#### Supplied material:
**********

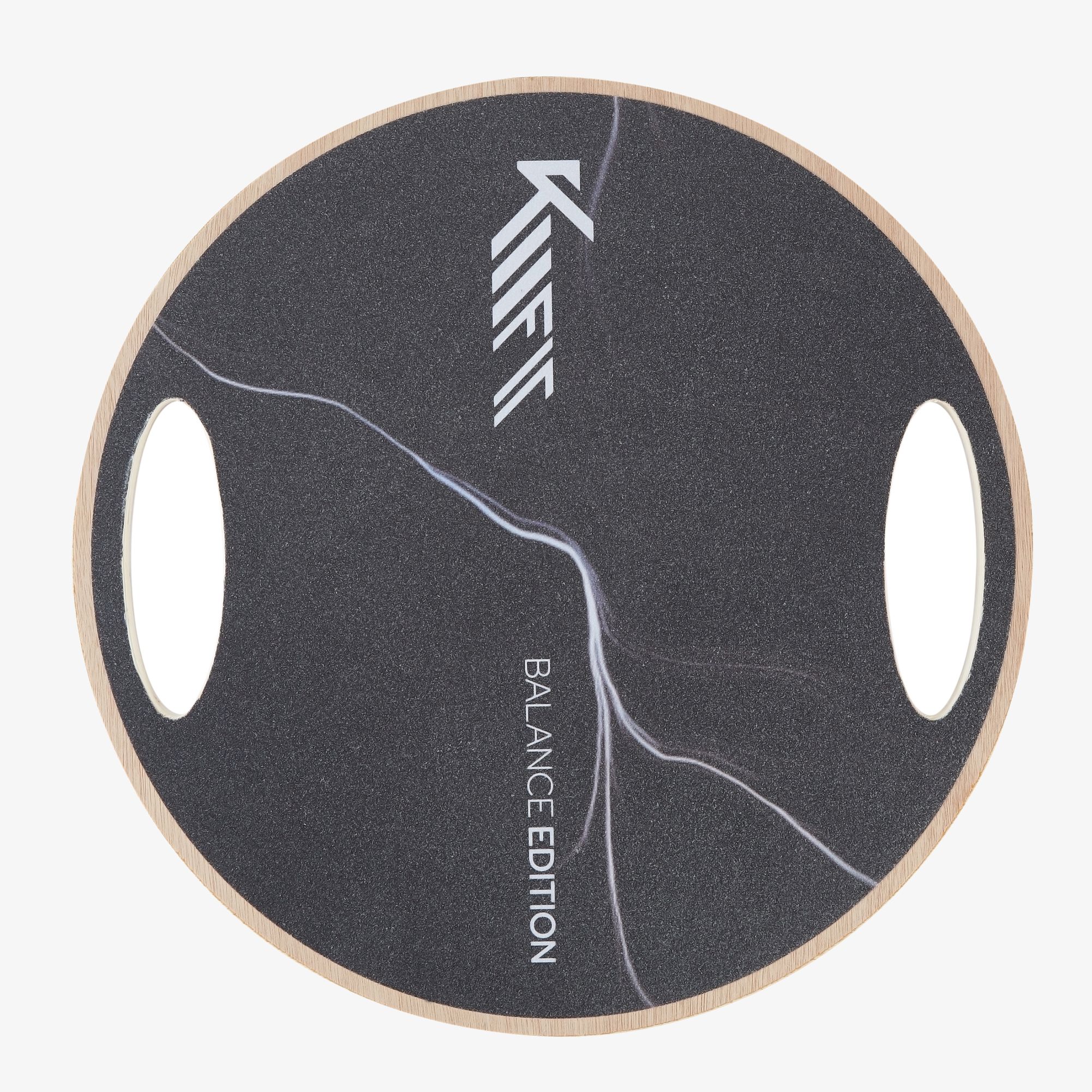 KM-Fit Balance Board aus Holz rund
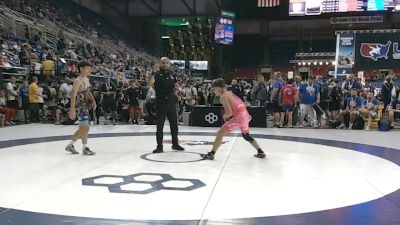 132 lbs Cons. Rd Of 128 - Boston Noland, Ohio vs Roberto Casasola, Kansas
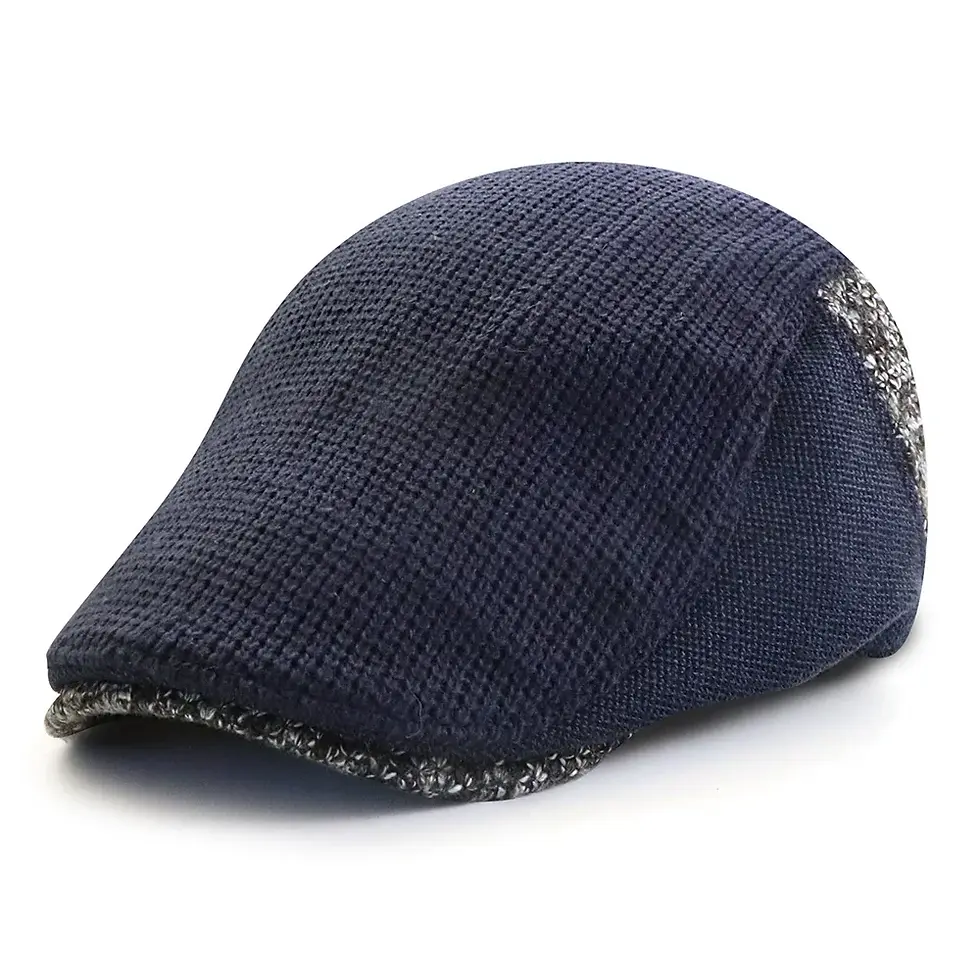 Thumbnail: Knitted Wool Newsboy Cap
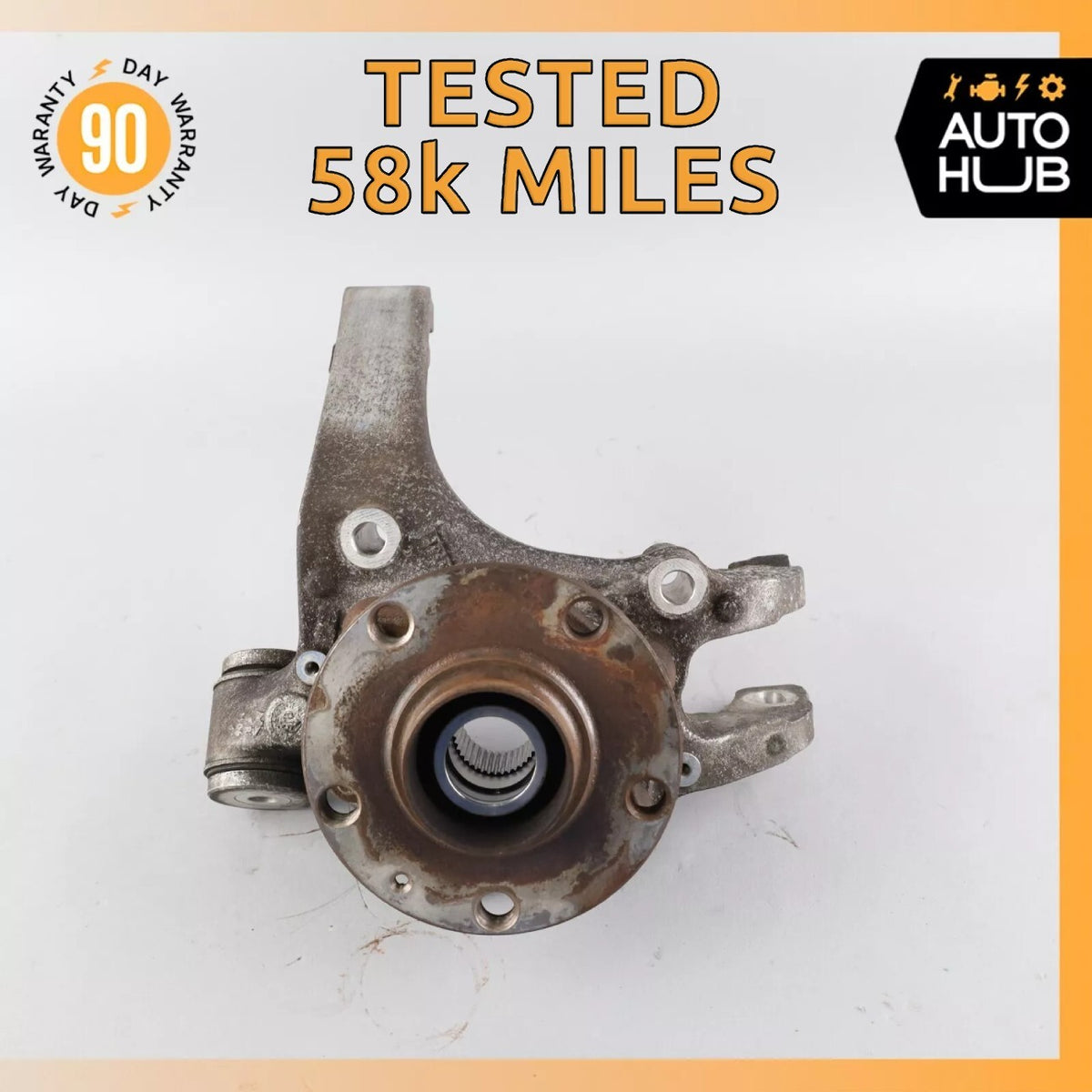 Bentley Continental Flying Spur Rear Right Side Spindle Knuckle Hub OEM 58k - photo 1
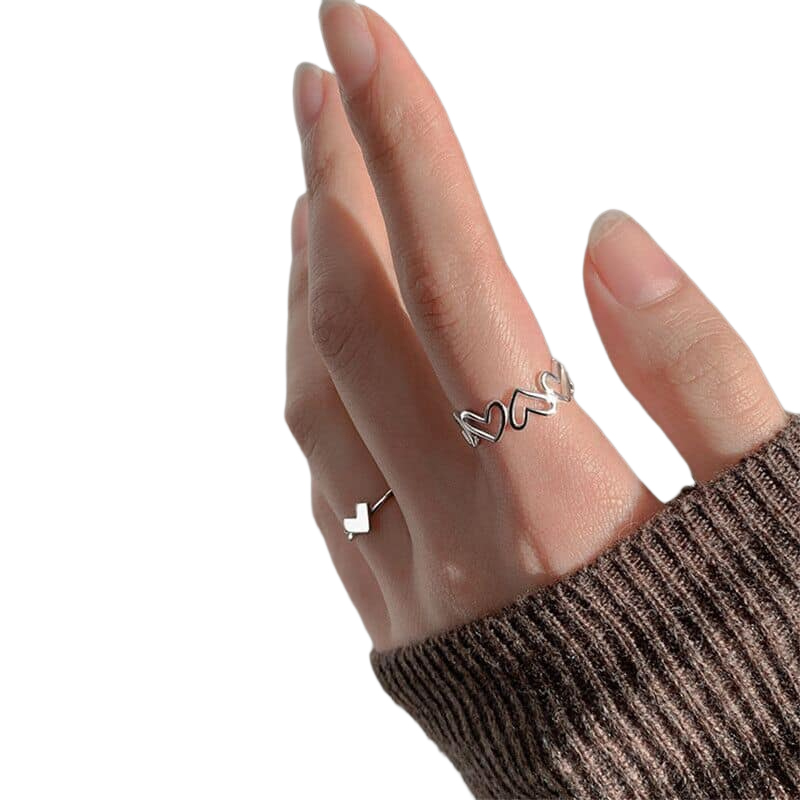 Picture of Highly Durable - Cute Silver Butterfly Couple Rings Fashion Finger Ring for Women - Sustainable Choice - Designed - Urban Vibes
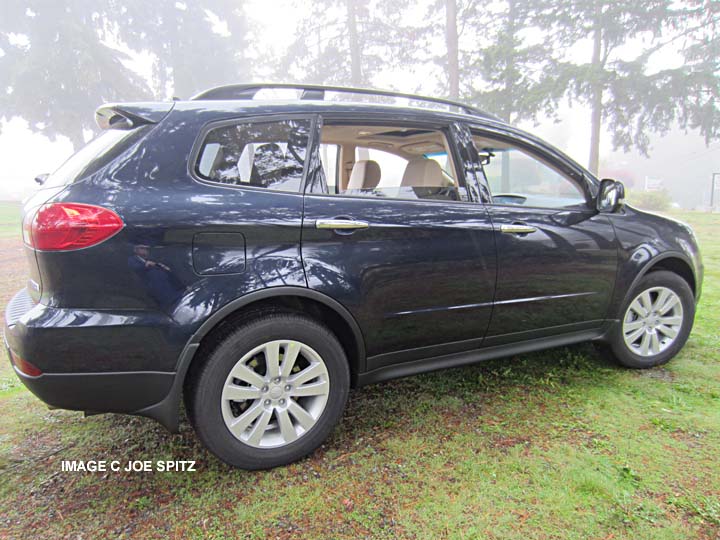 deep indigo pearl side view 2014 subaru tribeca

**********

#### Required work:
Print the whole listing above exactly, and keep every picture out of the copy.

#### Expected answer:
 KM-Fit Balance Board aus Holz rund
 132 lbs Cons. Rd Of 128 - Boston Noland, Ohio vs Roberto Casasola, Kansas
 Thumbnail: Knitted Wool Newsboy Cap
 Bentley Continental Flying Spur Rear Right Side Spindle Knuckle Hub OEM 58k - photo 1
 Picture of Highly Durable - Cute Silver Butterfly Couple Rings Fashion Finger Ring for Women - Sustainable Choice - Designed - Urban Vibes
 deep indigo pearl side view 2014 subaru tribeca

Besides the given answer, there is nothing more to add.